Activity → Lift out, unaltered, the lines of the material below between the line holding "Sticker Ovale Sepia" and the line holding "office building Blurred", counting both.

Given records →
^^^^
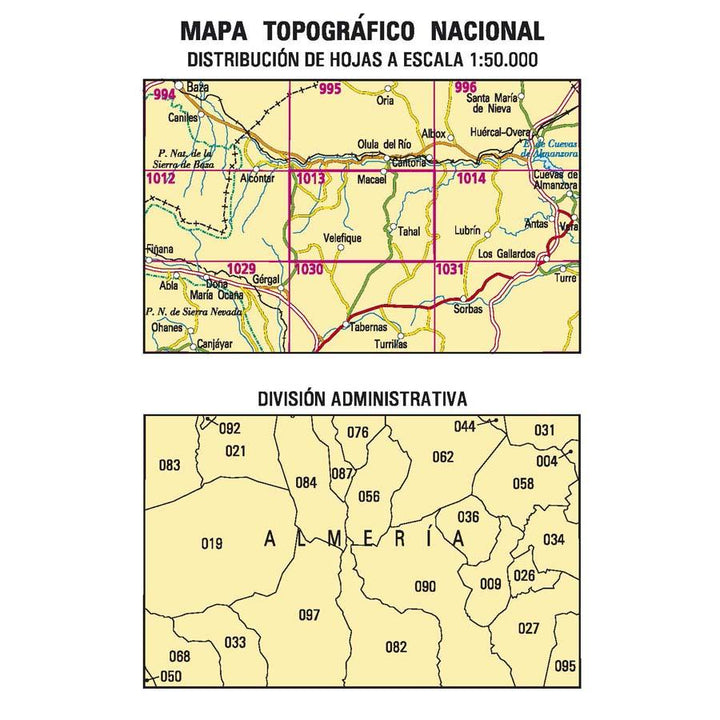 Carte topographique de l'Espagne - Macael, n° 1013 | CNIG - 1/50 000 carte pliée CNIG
^^^^
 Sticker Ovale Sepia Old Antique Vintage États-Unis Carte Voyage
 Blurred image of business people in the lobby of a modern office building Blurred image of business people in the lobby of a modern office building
^^^^
The completed task →
 Sticker Ovale Sepia Old Antique Vintage États-Unis Carte Voyage
 Blurred image of business people in the lobby of a modern office building Blurred image of business people in the lobby of a modern office building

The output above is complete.